Of course, all this is pure speculation. What Zebedee really thought about his sons' going with Jesus doesn't appear anywhere in the Bible. But our imaginary interview with Zebedee does raise some provocative issues. Following Jesus always means leaving something behind. And sometimes our friends, our families, will have a hard time approving of or even understanding our decision. To follow Jesus also means that we cannot predict what that decision will lead to. Would the four fishermen have followed Jesus if they had known all that lay ahead? Maybe. Maybe not. The point is that they didn't and couldn't know, anymore than you and I can know all that following Jesus will mean for us. There is always risk involved.
Is Jesus calling you?
"Now hold it," you may say, "I've been baptized. I've been a member of the church for a long time. What do you mean, is Jesus calling me?"
His call comes not just once in your life, but many times. There are calls to a vocation, or to change vocations. There are calls to a particular place, to a specific faith community. There are calls to a task, and there are calls to stop what you are doing and find refreshment for your tired spirit. There are calls into and out of relationships. There are calls to regret what you have done, to repent and make amends for your wrongdoing. And there are calls to stop regretting, to accept the fact that you are forgiven and get on with your life.
Is Jesus calling you to leave your nets? This past week a member of our church told me that some years ago when he was running a small business in another town, some leaders of his church came to him and asked him to volunteer one day a week to help renovate a building for a homeless shelter. One day a week away from his business for a whole summer. "We want you," they told him, "to leave your nets." It was a sacrifice, but he did it; and he told me it turned out to be one of the most rewarding things he has ever done.
Is Jesus calling you? Sometimes the call of Jesus is as loud and clear as a fire siren. Sometimes, many times, His call is more like a still, small voice. But we are not meant to hear the call all by ourselves. It is part of God's plan "to incorporate us as one body, so that our ears have other ears, other eyes, minds, hearts and voices to help us interpret what we have heard.
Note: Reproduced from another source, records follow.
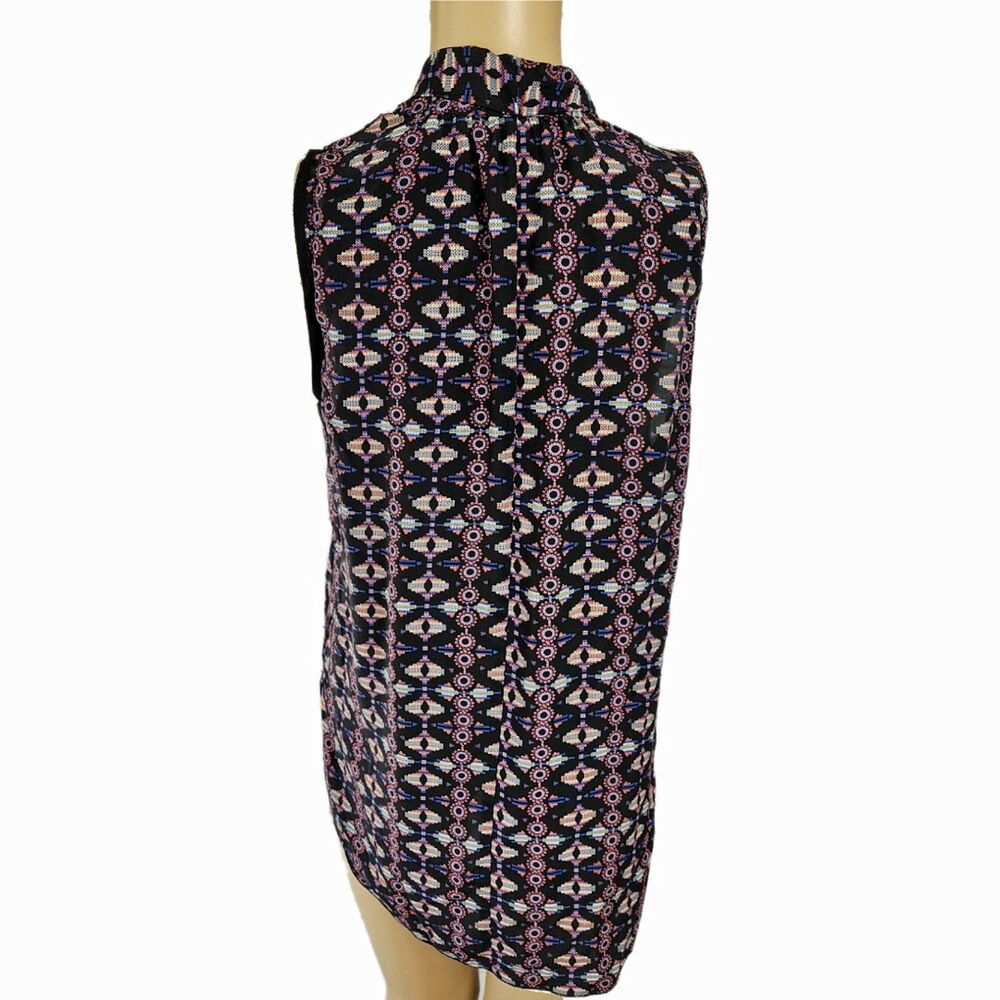 Greylin 100% Silk Geometric Sleeveless Button Down Blouse Ikat - Large - Picture 3 of 7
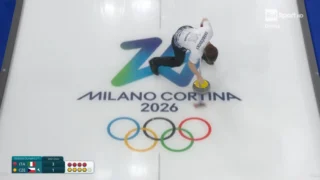 Curling perché spazzano il ghiaccio: la risposta sorprendente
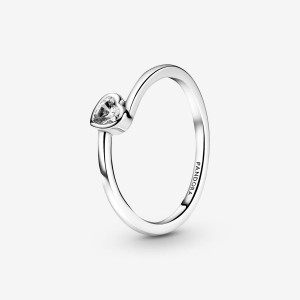 Pandora Clear Tilted Heart Solitaire Ring Argento | 37IYAEONS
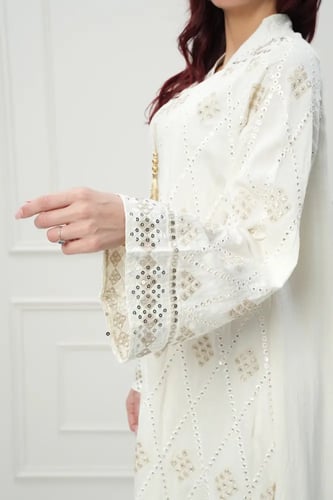 جلابية كويتي لون أوف وايت موديل CH6-73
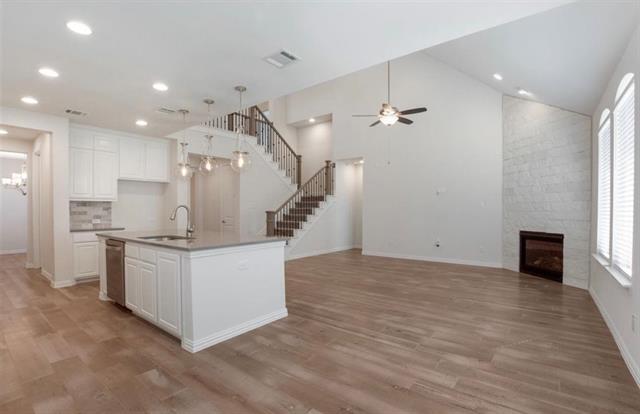 Foto del edificio - 3704 Birch Wood Ct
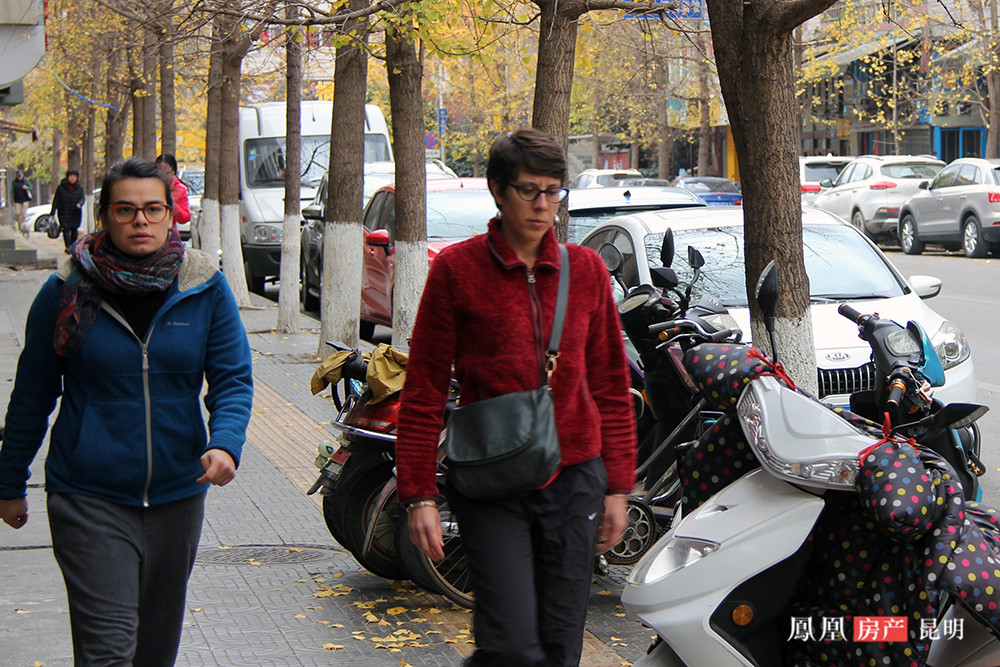 身边 外国人看中国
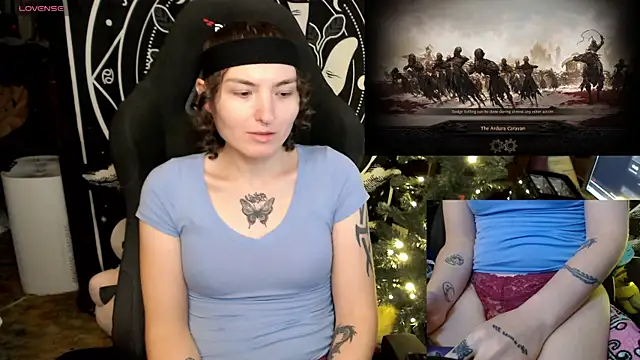 Snapshot of BrandiWRLD_999 chatting on January 1, 2025, 7:32 pm BrandiWRLD 999 online show from January 1, 2025, 7:32 pm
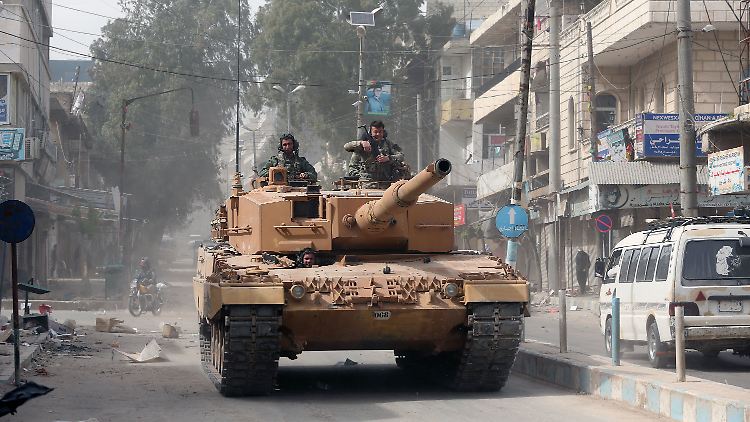 Ein türkischer Panzer rollt durch die Straßen von Afrin.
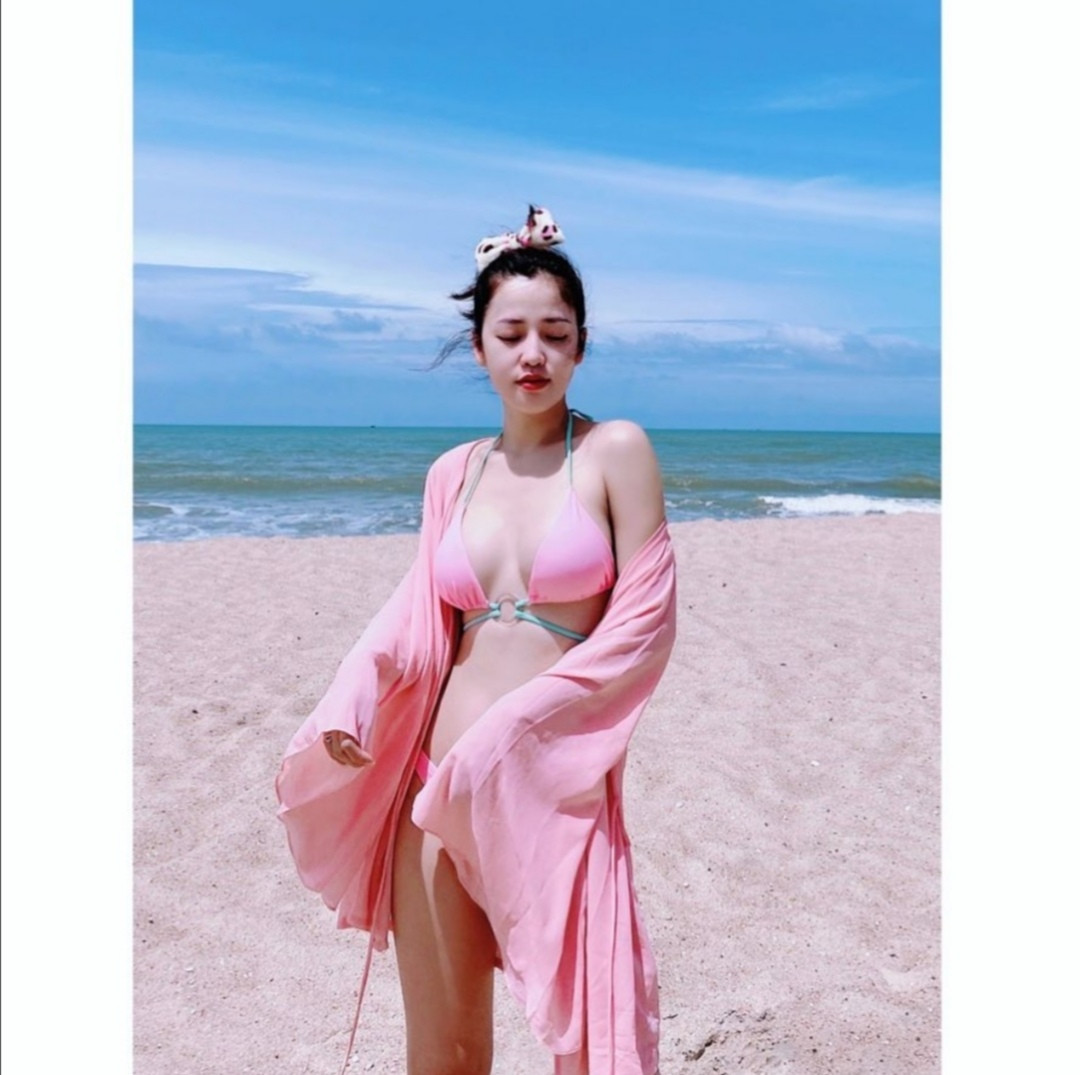 Mỹ nhân Việt đồng loạt ra biển diện bikini khoe đường cong những ngày cuối Hè ảnh 7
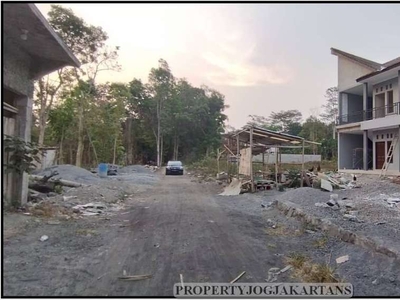 Tanah Premium Sleman Ngaglik 900 Meter UII Jogja Cocok Kost/Investasi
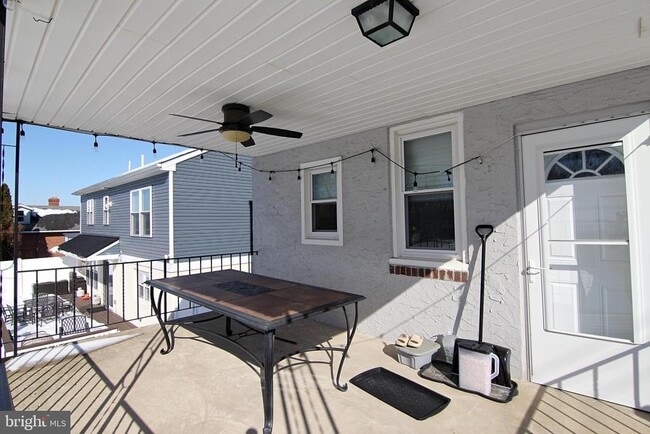 Building Photo - 215 W 9th Ave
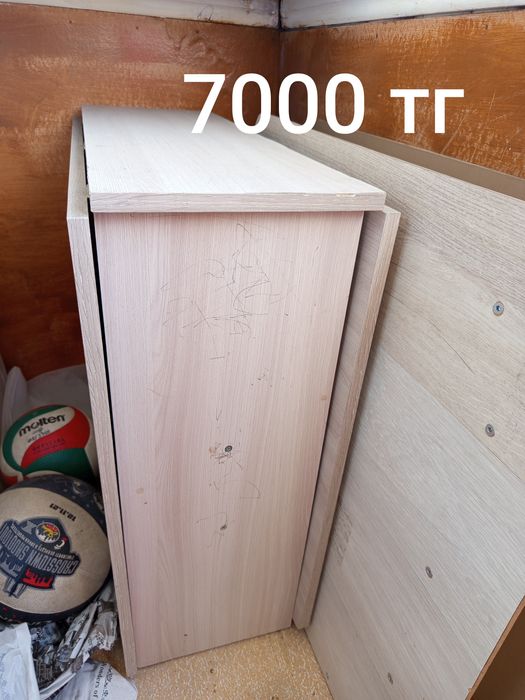 Продаются столы 2 штук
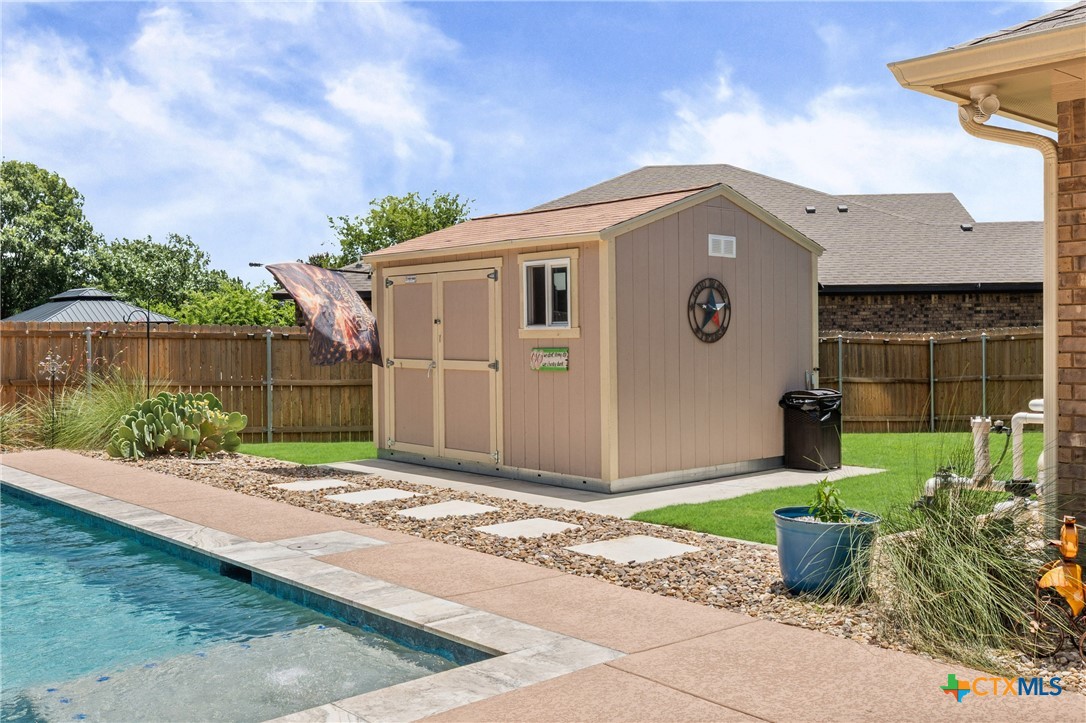 main property photo 26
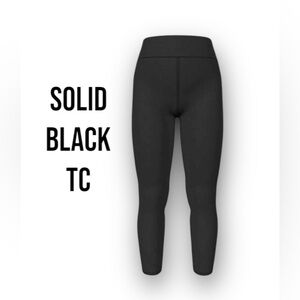 Copy • Tall and Curvy fits Size 12-18 • LuLaRoe Solid Black Leggings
Together we can hear our calls, and together we can answer them, if only we will listen for the voice that continues to speak to us in the language of our lives."1
I said a moment ago that there is always risk involved in answering the call of Jesus to follow Him. We cannot know where the call to follow will take us. But ours is not the only risk. Jesus also took a risk on the disciples. For reasons known only to heaven, God is constantly taking risks on all kinds of people -- people who fish for a living, people who are too young to have jobs, people who have retired. Every day God takes risks on the human race, takes risks on people like you and me.
One thing the Bible makes clear about the call of Christ is that the One who calls us is the same One who gives us the strength, the resources, to follow. Maybe, after all, that was the decisive factor for the four fishermen who left their nets and their boats to follow Jesus. Maybe they sensed at some deep, unconscious level, that here was Someone who could be trusted; Someone who, if he asked much, could give even more.
That same Someone is He who invites you now to his table. The resources He offers are only a bit of what has been baked in an oven and thimbleful of what has been squeezed from grapes. It may not look like much, but looks are deceiving. For what is offered is nothing less than His body and blood, the very things we need to sustain us as we answer His call to follow.
Jesus is calling you. How will you answer?
1Barbara Brown Taylor, The Preaching Life, Boston: Cowley Publications, 1993, pp. 23-24.